▶ [Exercise details]
Images don't belong in the copy. Output the rest of the data exactly.

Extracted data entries

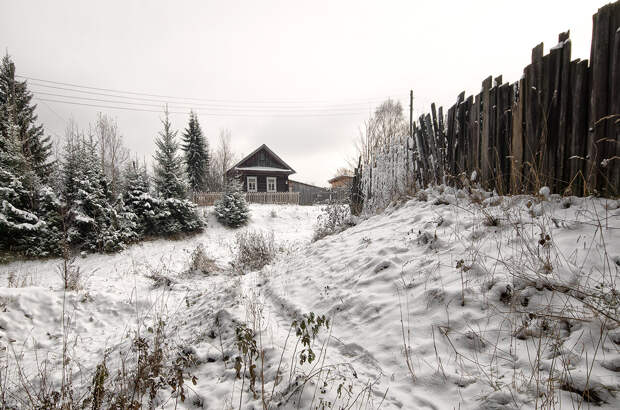 У нас в деревне выпал снег. Делюсь красивыми кадрами.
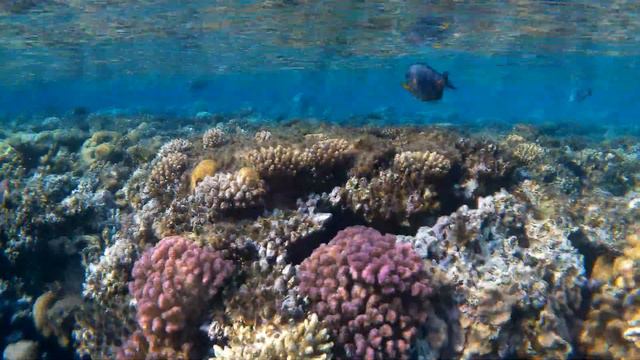 Под красной водой 2 319 (Рыба Хирург, Acanthurus sohal и Рыба Собака, Pufferfish) Dreams Beach смотреть онлайн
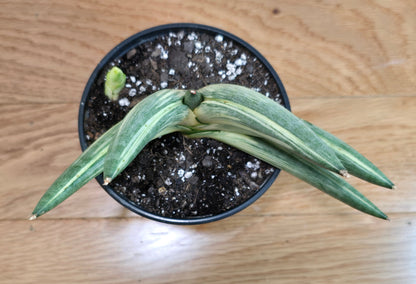 RARE Sansevieria Boncel Variegated Curved Inward | Live Plant in 4" Pot with Pup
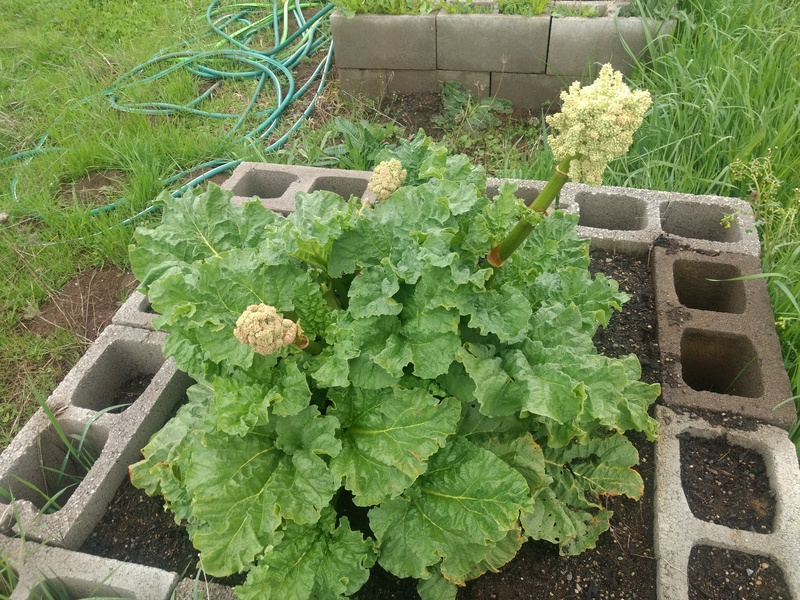 Rhubarb. What are the flowery thing?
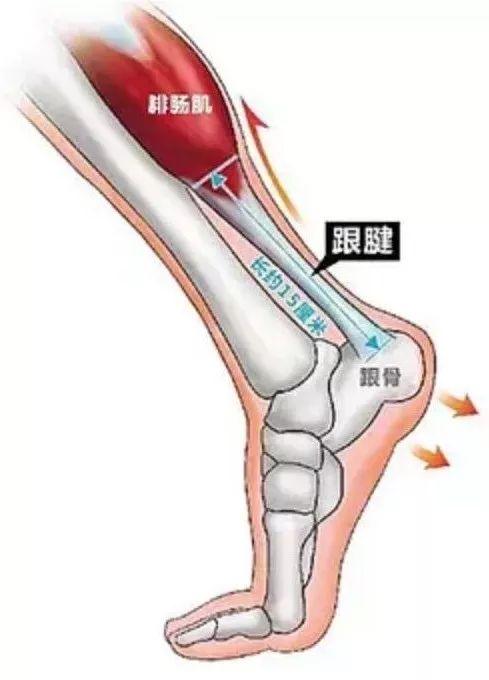 跟腱是位于踝关节后方的一条人体最大的肌腱,它连接小腿后方的肌肉群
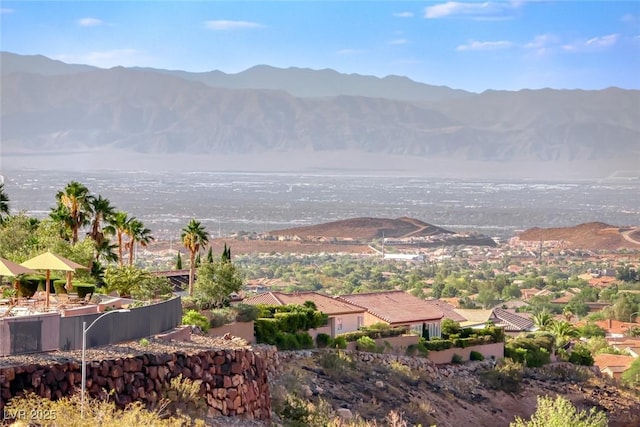 2324 Orangeburg Pl, Henderson, NV 89044 - photo 39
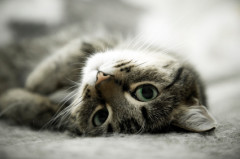 Choose a Cat Whose Age Matches Your Lifestyle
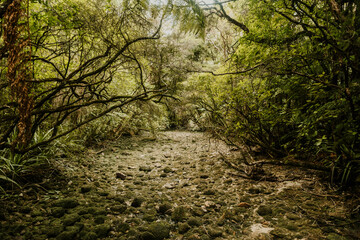 Magical green path in the forest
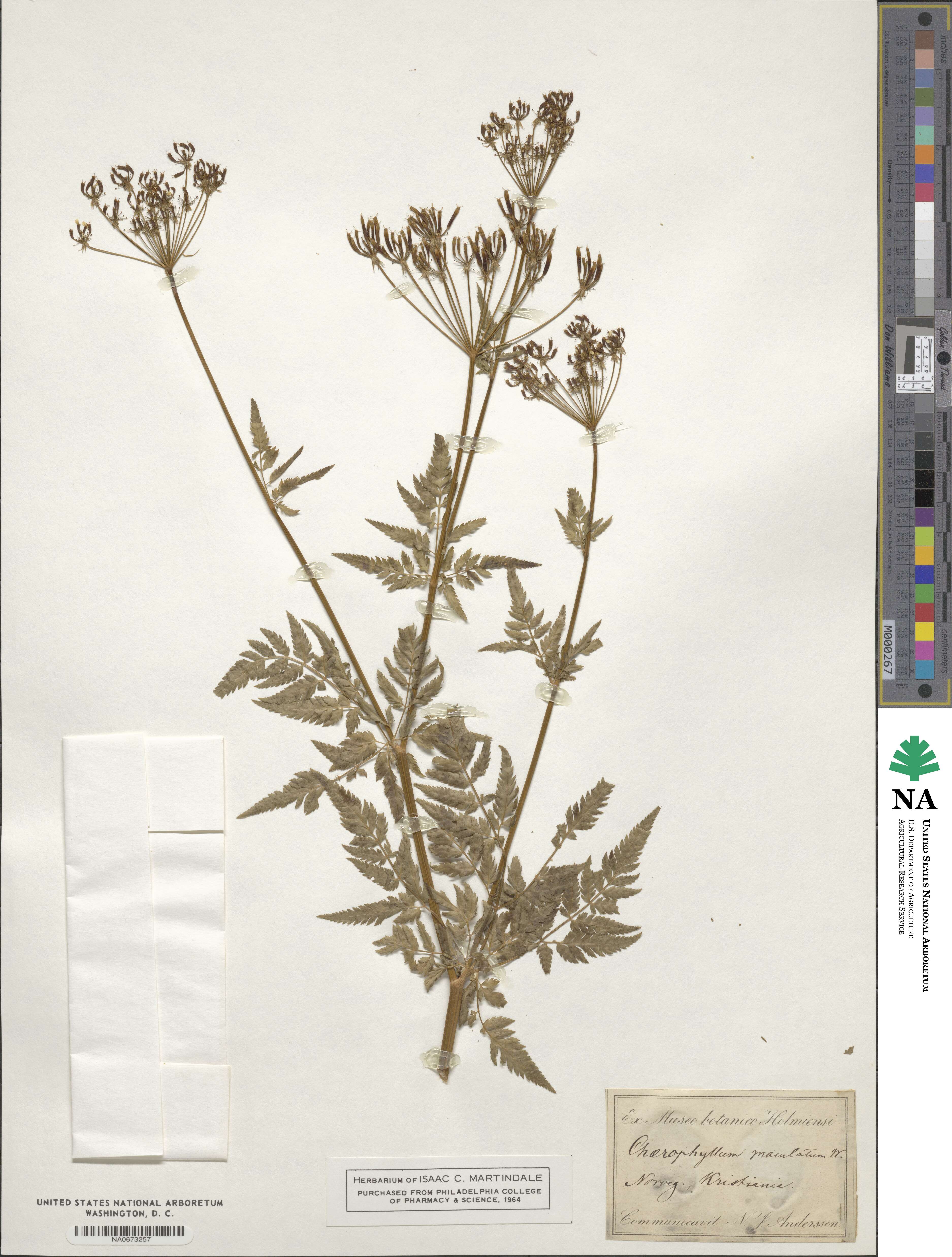 Chaerophyllum aureum image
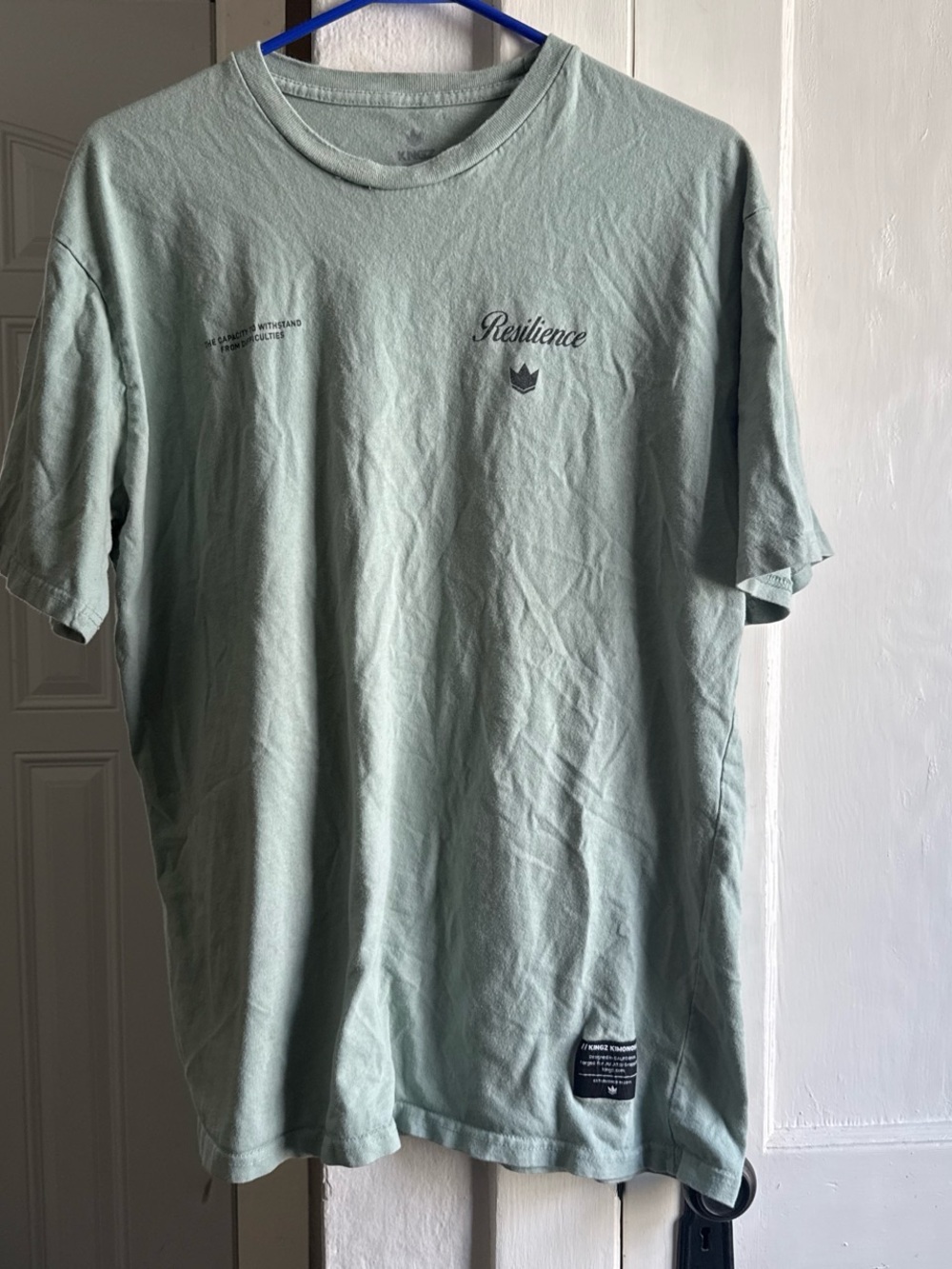 Resilience Short Sleeve Crew Tee in Mint Green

▶ [Answer box]
 У нас в деревне выпал снег. Делюсь красивыми кадрами.
 Под красной водой 2 319 (Рыба Хирург, Acanthurus sohal и Рыба Собака, Pufferfish) Dreams Beach смотреть онлайн
 RARE Sansevieria Boncel Variegated Curved Inward | Live Plant in 4" Pot with Pup
 Rhubarb. What are the flowery thing?
 跟腱是位于踝关节后方的一条人体最大的肌腱,它连接小腿后方的肌肉群
 2324 Orangeburg Pl, Henderson, NV 89044 - photo 39
 Choose a Cat Whose Age Matches Your Lifestyle
 Magical green path in the forest
 Chaerophyllum aureum image
 Resilience Short Sleeve Crew Tee in Mint Green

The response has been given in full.